- ACTION ITEM -
Pictures should be left out when the listing below is repeated word for word.
+++
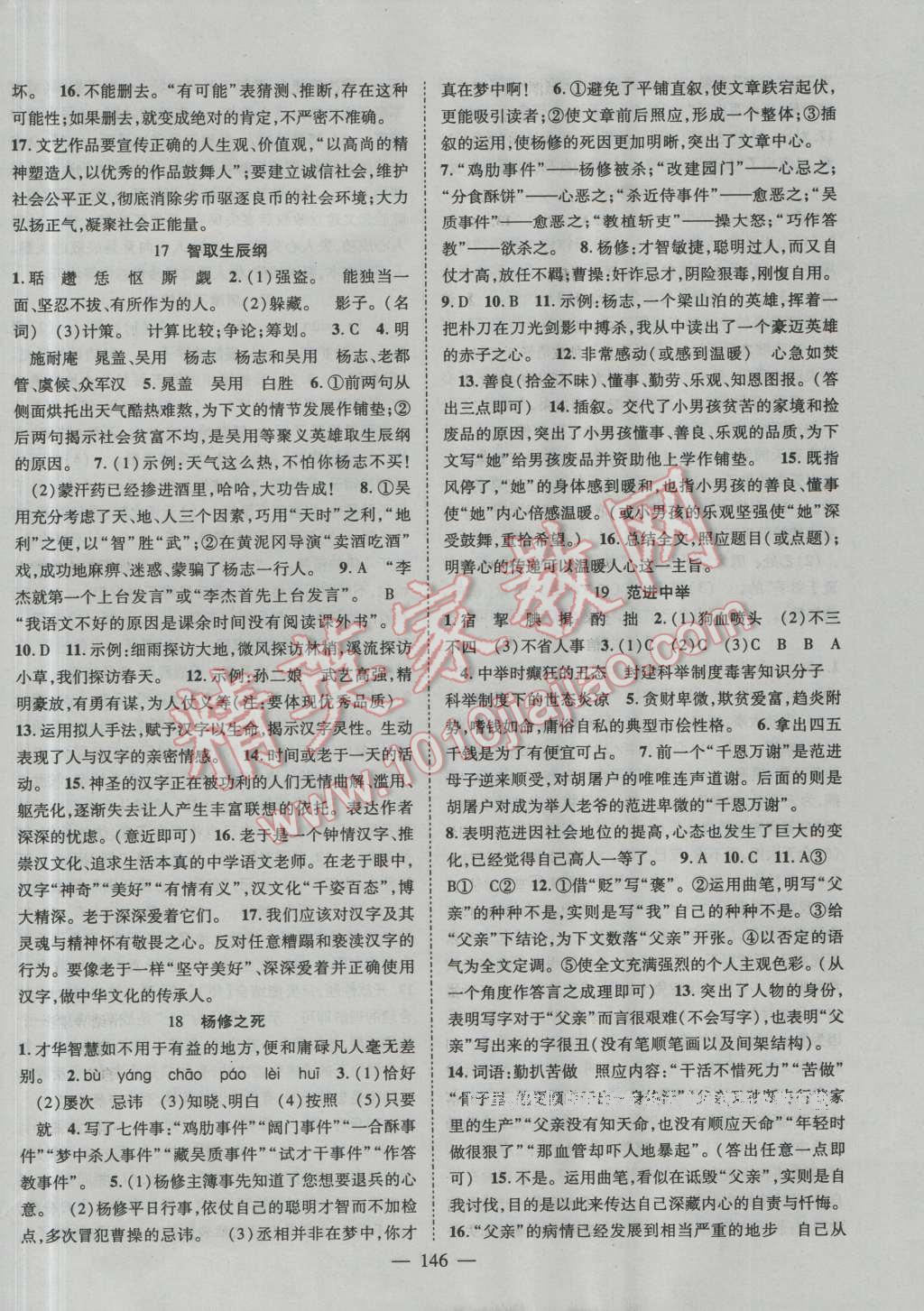 2015年名師課堂導學案九年級語文上冊 第6頁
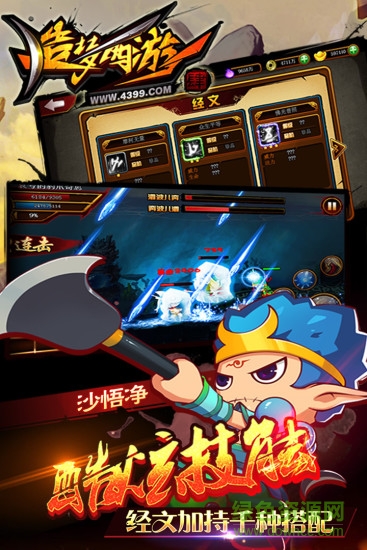造梦西游4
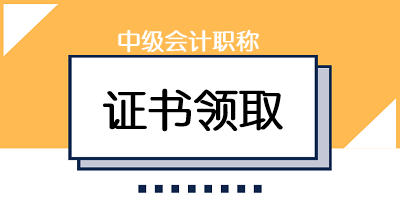 2019年陕西会计中级证书可以领了吗？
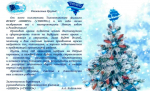 Поздравление заместителя директора - руководителя Тихоокеанского филиала ФГБНУ «ВНИРО» («ТИНРО») с Новым годом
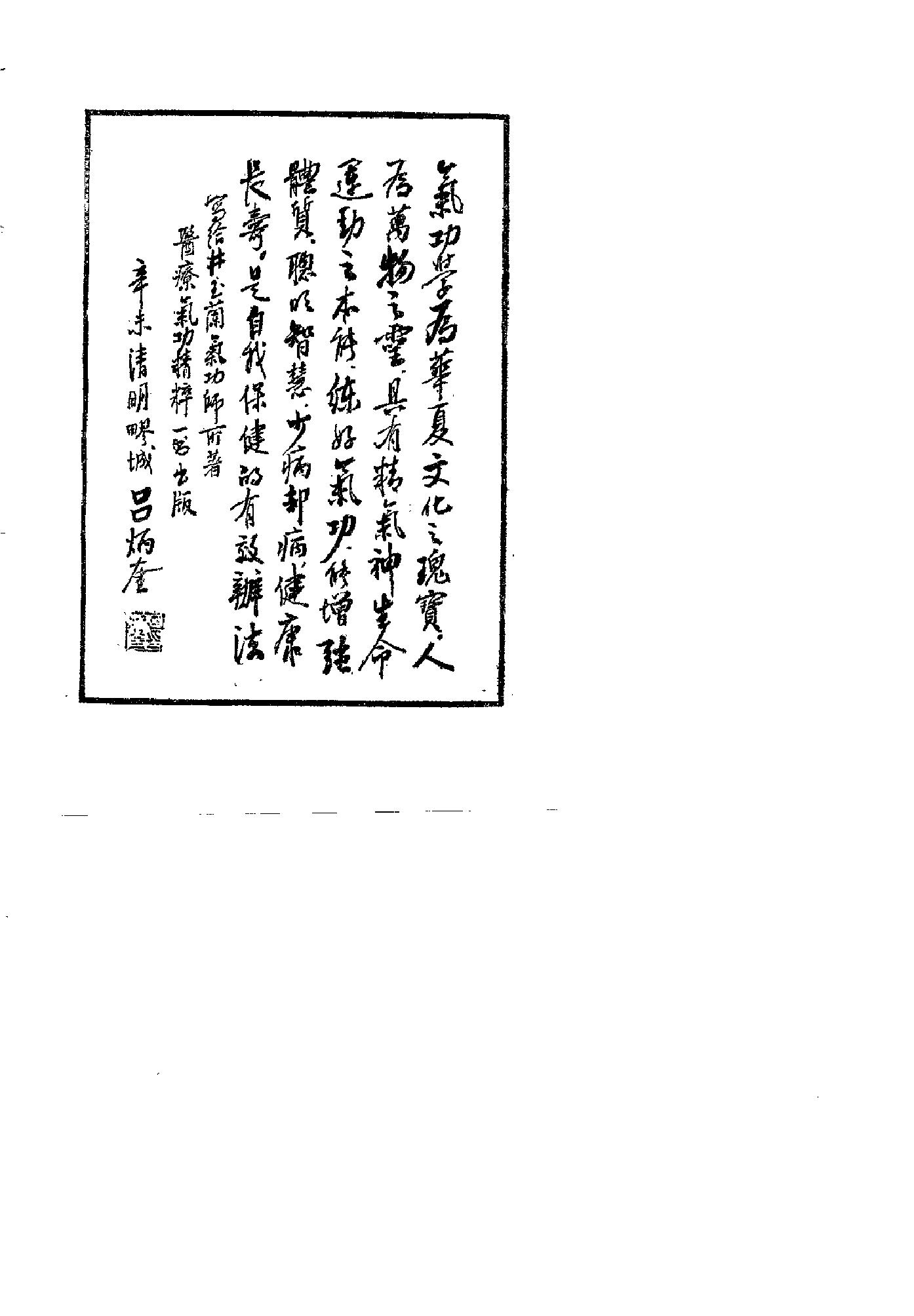 预览第2页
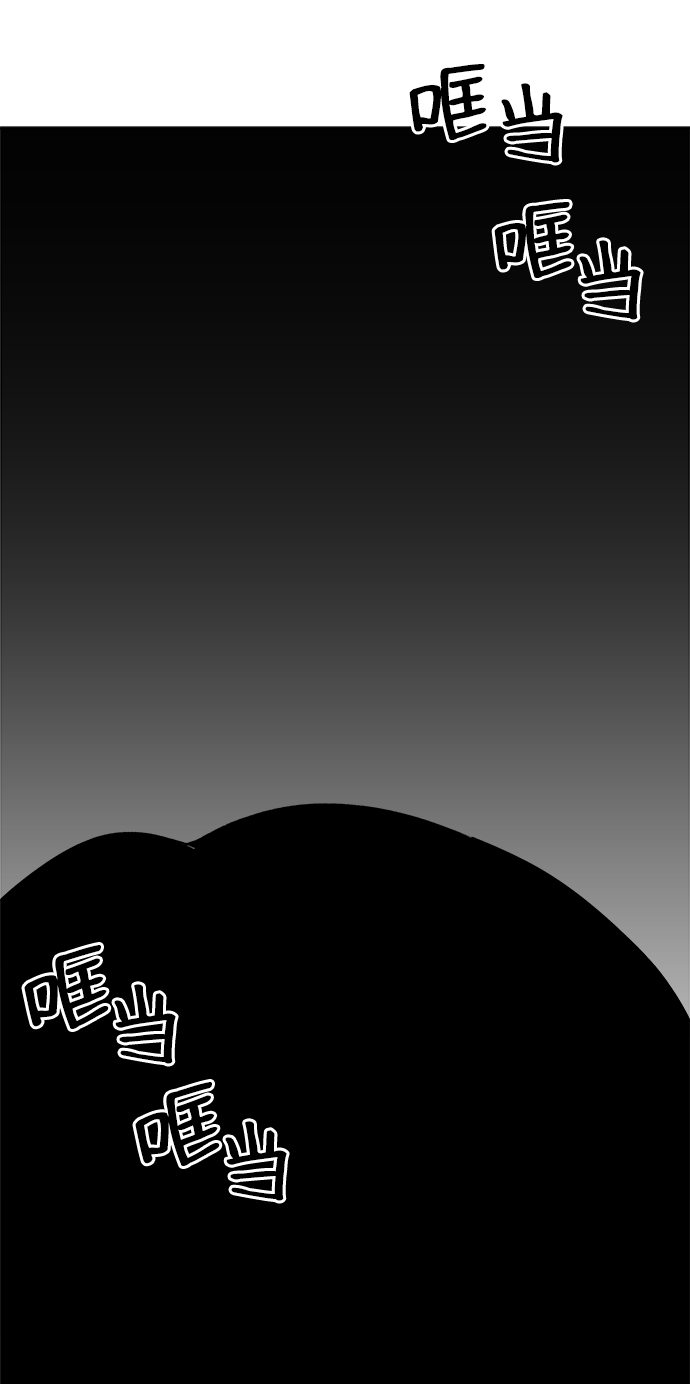 第13话76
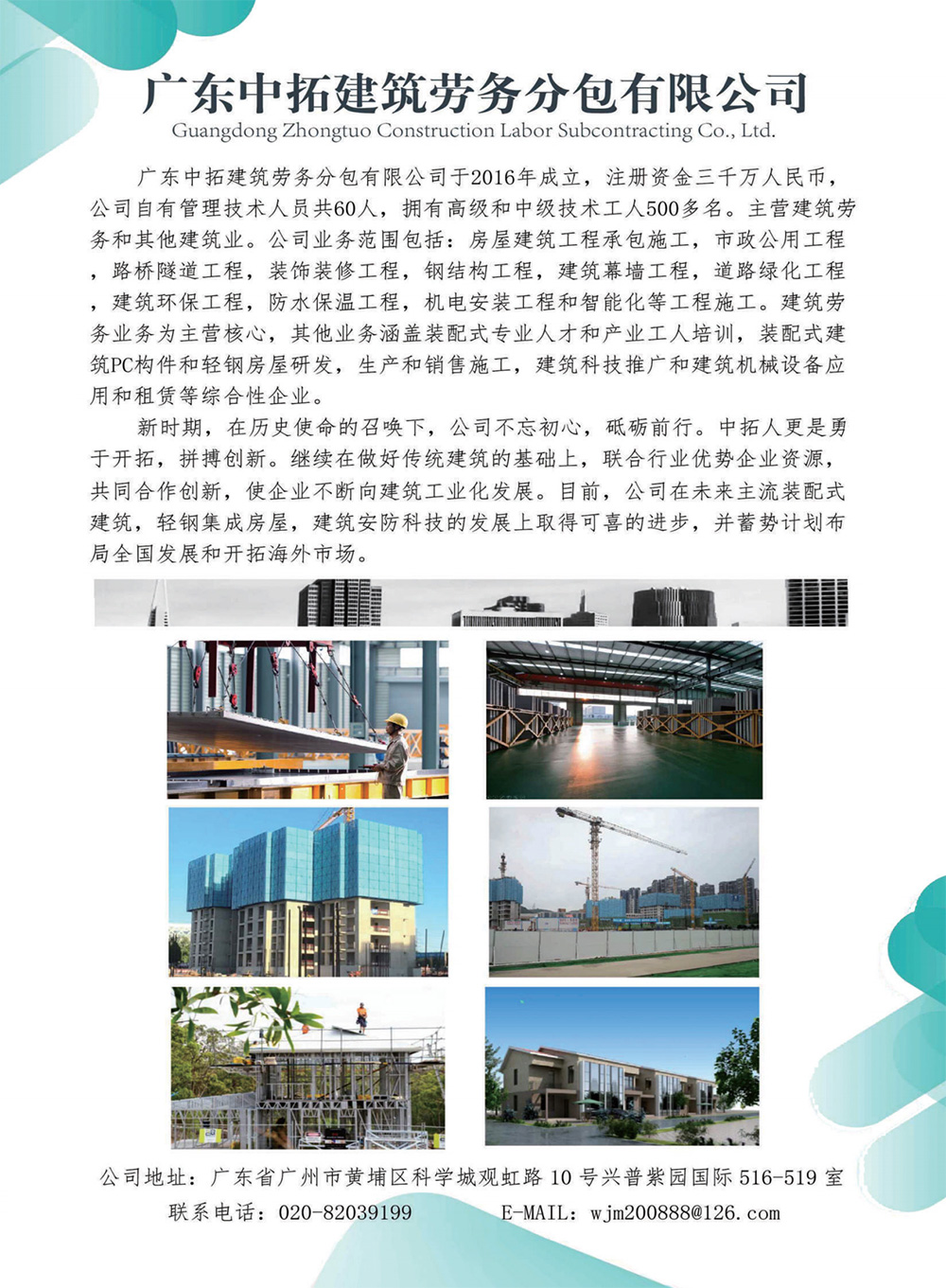 广东中拓建筑劳务分包有限公司.jpg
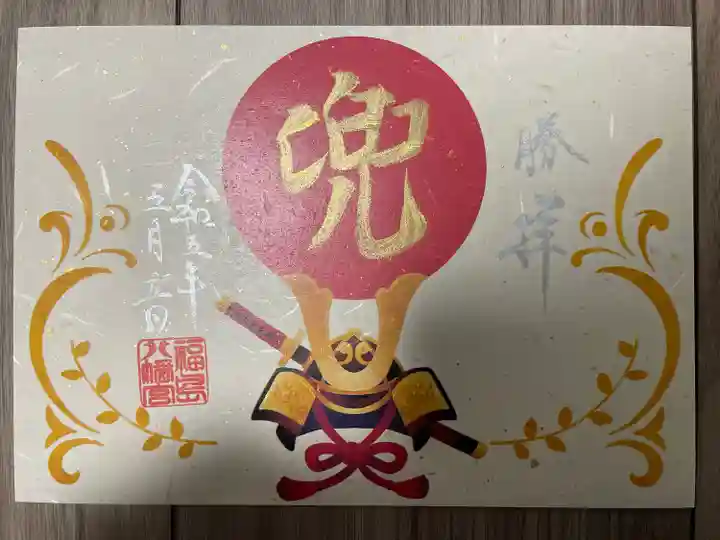 福島八幡宮の御朱印
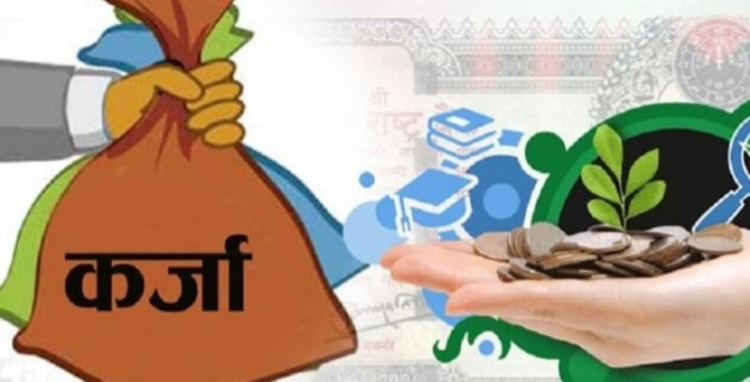 कर्जा प्रवाहमा कडाइ,साना र घरेलु उद्योगलाई विशेष प्राथमिकता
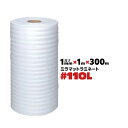 #110L 1mm厚 1000mm×300m 1本 JSP ミラマットラミ 緩衝材 梱包材 発泡 ポリエチレンシート ロール【送料無料】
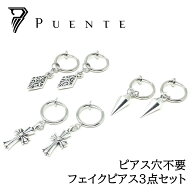 お得な3点セット ピアス穴不要 フェイクピアス クロス クロスピアス 十字架 スパイク ダイヤ型 菱形 ひし…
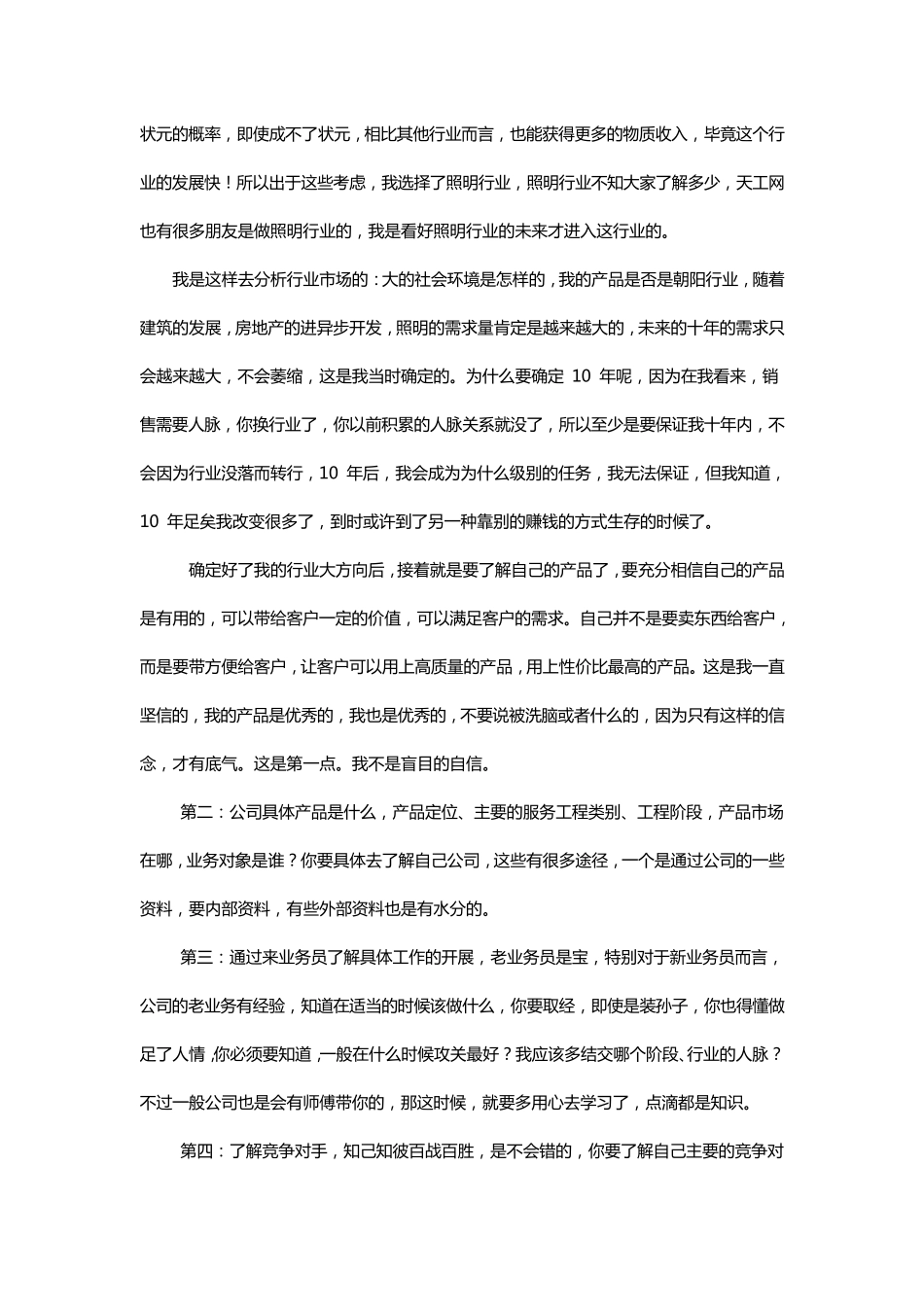 十年工程销售经验总结刀哥_第3页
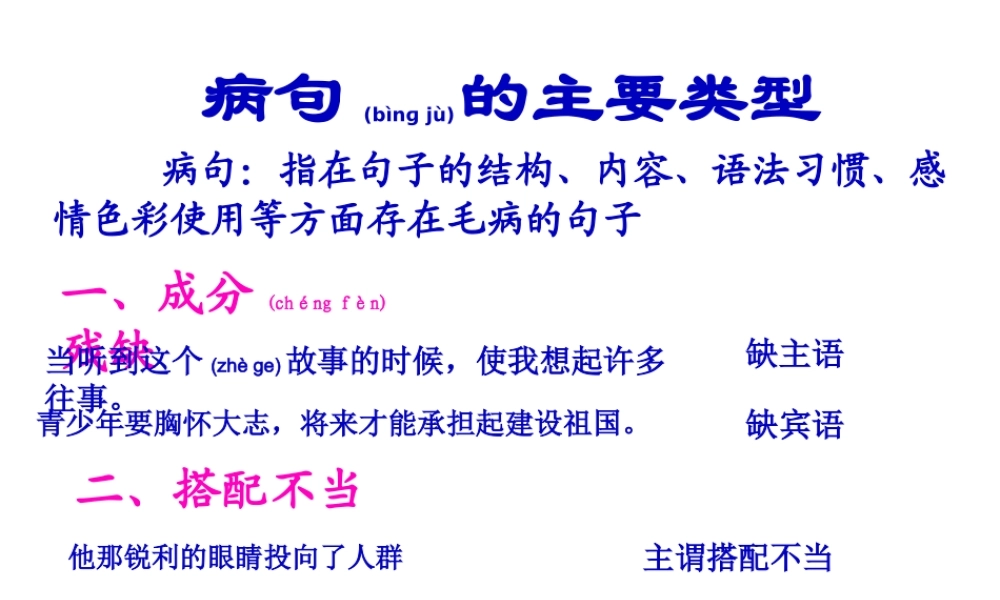 2022年医学专题—修改病句的方法技巧ppt讲解(1).ppt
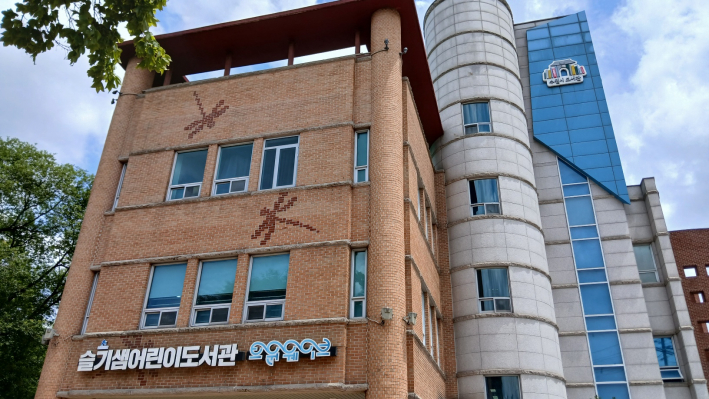 슬기샘어린이도서관 전경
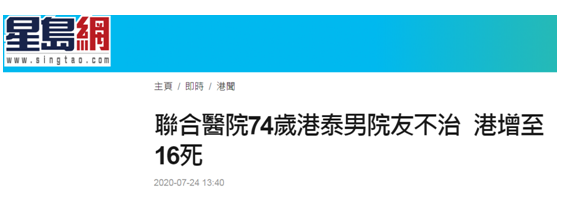 香港“星島網(wǎng)”報道截圖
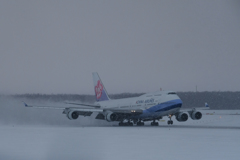 新千歳空港から
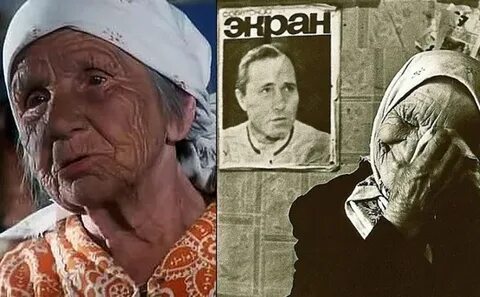 Афимья быстрова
+++
- RESULT OF THE TASK -
 2015年名師課堂導學案九年級語文上冊 第6頁
造梦西游4
 2019年陕西会计中级证书可以领了吗？
 Поздравление заместителя директора - руководителя Тихоокеанского филиала ФГБНУ «ВНИРО» («ТИНРО») с Новым годом
 预览第2页
 第13话76
 广东中拓建筑劳务分包有限公司.jpg
 福島八幡宮の御朱印
 कर्जा प्रवाहमा कडाइ,साना र घरेलु उद्योगलाई विशेष प्राथमिकता
 #110L 1mm厚 1000mm×300m 1本 JSP ミラマットラミ 緩衝材 梱包材 発泡 ポリエチレンシート ロール【送料無料】
 お得な3点セット ピアス穴不要 フェイクピアス クロス クロスピアス 十字架 スパイク ダイヤ型 菱形 ひし…
 十年工程销售经验总结刀哥_第3页
 2022年医学专题—修改病句的方法技巧ppt讲解(1).ppt
 슬기샘어린이도서관 전경
 香港“星島網(wǎng)”報道截圖
 新千歳空港から
 Афимья быстрова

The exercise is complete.